I am not alone in feeling overwhelmed. I know that. Overloaded is the new work-life balance or something like that. The “too much-ness” is a state with which we are all quite familiar. We are probably going to look back on our lives during these years—we, possibly even a cultural my generation kind of we—and say there was too much coming at us; we did too much; we missed all kinds of things because of it and we definitely worried too much. I am just guessing here.

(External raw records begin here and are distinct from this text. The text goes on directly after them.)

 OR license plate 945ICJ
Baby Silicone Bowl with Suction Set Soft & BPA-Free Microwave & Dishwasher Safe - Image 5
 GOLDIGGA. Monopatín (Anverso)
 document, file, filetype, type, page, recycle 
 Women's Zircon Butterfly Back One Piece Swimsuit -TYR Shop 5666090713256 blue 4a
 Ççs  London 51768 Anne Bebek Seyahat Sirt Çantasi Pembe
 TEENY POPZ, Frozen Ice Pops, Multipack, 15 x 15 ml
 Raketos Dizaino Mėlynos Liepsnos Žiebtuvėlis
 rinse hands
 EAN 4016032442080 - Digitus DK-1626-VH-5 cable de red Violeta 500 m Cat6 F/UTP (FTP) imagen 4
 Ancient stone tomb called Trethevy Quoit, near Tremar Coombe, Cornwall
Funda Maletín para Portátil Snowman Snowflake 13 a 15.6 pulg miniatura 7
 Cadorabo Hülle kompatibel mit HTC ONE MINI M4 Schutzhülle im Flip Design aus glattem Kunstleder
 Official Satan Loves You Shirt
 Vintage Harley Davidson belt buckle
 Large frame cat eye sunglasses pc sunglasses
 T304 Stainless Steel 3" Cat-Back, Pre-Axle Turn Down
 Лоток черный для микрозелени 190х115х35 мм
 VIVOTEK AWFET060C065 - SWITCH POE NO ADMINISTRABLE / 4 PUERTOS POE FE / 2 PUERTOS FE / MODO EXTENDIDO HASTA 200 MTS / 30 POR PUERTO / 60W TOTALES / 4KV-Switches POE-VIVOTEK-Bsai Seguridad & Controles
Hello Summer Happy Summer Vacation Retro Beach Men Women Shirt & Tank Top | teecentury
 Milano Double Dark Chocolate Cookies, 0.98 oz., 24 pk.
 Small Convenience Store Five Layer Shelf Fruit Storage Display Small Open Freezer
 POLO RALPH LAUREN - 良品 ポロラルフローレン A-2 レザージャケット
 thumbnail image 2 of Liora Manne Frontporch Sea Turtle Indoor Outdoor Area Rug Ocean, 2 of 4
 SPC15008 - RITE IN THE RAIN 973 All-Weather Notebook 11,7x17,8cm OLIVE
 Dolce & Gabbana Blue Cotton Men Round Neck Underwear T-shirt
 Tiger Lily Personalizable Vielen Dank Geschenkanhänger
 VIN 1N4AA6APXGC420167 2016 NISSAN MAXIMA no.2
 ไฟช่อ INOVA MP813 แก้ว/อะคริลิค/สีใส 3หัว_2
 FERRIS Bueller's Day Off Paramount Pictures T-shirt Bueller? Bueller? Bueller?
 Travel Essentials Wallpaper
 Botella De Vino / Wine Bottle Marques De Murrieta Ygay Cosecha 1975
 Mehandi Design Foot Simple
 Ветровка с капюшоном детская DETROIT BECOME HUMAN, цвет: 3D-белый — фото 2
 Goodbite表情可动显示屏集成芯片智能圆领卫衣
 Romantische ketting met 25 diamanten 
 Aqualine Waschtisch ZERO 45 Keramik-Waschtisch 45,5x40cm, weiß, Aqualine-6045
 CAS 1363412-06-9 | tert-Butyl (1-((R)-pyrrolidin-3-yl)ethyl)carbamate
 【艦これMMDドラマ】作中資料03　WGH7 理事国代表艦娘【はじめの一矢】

Along with thinking about a lot of those things, I worried about a good portion of them: did the stories I sent in work for my editors? What should I pitch next? Should I be asking for payment from one place or another that doesn’t pay me? Did we pass the stomach bug along? (We did, it seems, to our dear pal-slash-cousin, Emily.) Will we manage to get through the eighth grade project without yelling over note taking or the writing process? Can I schedule enough play dates for the third grader when I’m solo parenting that he doesn’t miss his chess companion papa too much? Can I solve the puzzle of summer camp this week or next and not have to scramble this summer? Can we manage to stop the new trend the nearly four-year-old has begun of yelling if she doesn’t get her way, louder and louder “PLEASE!” Will the parents of the tenth grader survive his tenth grade year of early morning wakeups?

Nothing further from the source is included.